Nous avons fait ce choix-là car c'est la seule chose que l'on peut véritablement faire aujourd'hui. Google ou les constructeurs automobiles traditionnels ont beau raconter ce qu'ils veulent, la voiture sans chauffeur, ce n'est pas pour demain. Il faut toujours quelqu'un pour tenir le volant à bord et ce n'est pas près de changer.

Ce n'est pas un choix définitif mais en tant que start-up nous ne pouvions pas attendre les années 2020 pour dégager un chiffre d'affaires. Donc l'objectif prioritaire était de faire fonctionner notre navette là où elle peut être mise en circulation dès maintenant, à savoir dans les lieux clos, et notamment des sites industriels où il faut pouvoir transporter des groupes de personnes.

"Nous sommes très sollicités par les villes et le marché est énorme"

Notre gamme évoluera, bien sûr, d'autant que nous visons à terme les milieux urbains et péri-urbains et que nous sommes très sollicités par les villes et le marché est énorme. Mais aujourd'hui, notre navette ne peut pas encore fonctionner dans des situations de circulation complexes comme celles d'un centre-ville. Par exemple, elle ne peut franchir une ligne blanche qu'avec l'autorisation manuelle d'un opérateur. Même dans une voie dédiée en ville, cela demande une amélioration du système.
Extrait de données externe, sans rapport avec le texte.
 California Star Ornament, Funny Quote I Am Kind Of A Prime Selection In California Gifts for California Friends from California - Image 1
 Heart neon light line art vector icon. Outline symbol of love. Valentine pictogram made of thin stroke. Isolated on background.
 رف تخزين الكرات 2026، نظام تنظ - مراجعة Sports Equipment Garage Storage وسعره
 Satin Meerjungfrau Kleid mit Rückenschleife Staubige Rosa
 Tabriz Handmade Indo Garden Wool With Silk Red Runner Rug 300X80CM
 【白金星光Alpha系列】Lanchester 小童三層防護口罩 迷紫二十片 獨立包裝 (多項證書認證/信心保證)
Et nous l'avons vu lors de nos tests au congrès ITS à Bordeaux fin 2015, notre navette a beau être très perfectionnée, il est très compliqué de l'adapter au comportement des autres usagers, d'autant que le code de la route n'est pas toujours respecté, loin de là.

Combien de vos navettes roulent aujourd'hui ? Combien en produisez-vous par an ?

Nous avons présenté notre dernier modèle, Arma, fin septembre 2015 et à partir de là deux premiers véhicules ont été produits pour être livrés à notre premier client, la société de transport en commun suisse CarPostal. En février 2016, une navette a été vendue en Australie, là encore pour du transport en commun. Nous prévoyons de produire 4 véhicules par mois à partir de maintenant, pour atteindre 8 unités mensuelles à la fin 2016 avec pour objectif final d'en vendre une cinquantaine sur l'année.

Pour l'instant, une dizaine d'exemplaires d'Arma ont été vendus, en grande partie pour le site de Civaux. C'est là une étape importante pour Navya car nous avons beaucoup d'actions commerciales en cours et nous attendons une accélération considérable dès cette année à partir de ce projet.

Vous avez levé 4,1 millions fin janvier 2016. Aujourd'hui, quels sont vos chiffres et vos perspectives de croissance ?

Nous tablons sur une cinquantaine de véhicules vendus en 2016, donc environ 10 millions de chiffre d'affaires. L'année précédente ce chiffre ne représentait que 500 000 euros suite à la vente de deux navettes à CarPostal, l'opérateur de transport public à Sion, en Suisse.  Pour les prochaines années, nous attendons une croissance à plus de trois chiffres.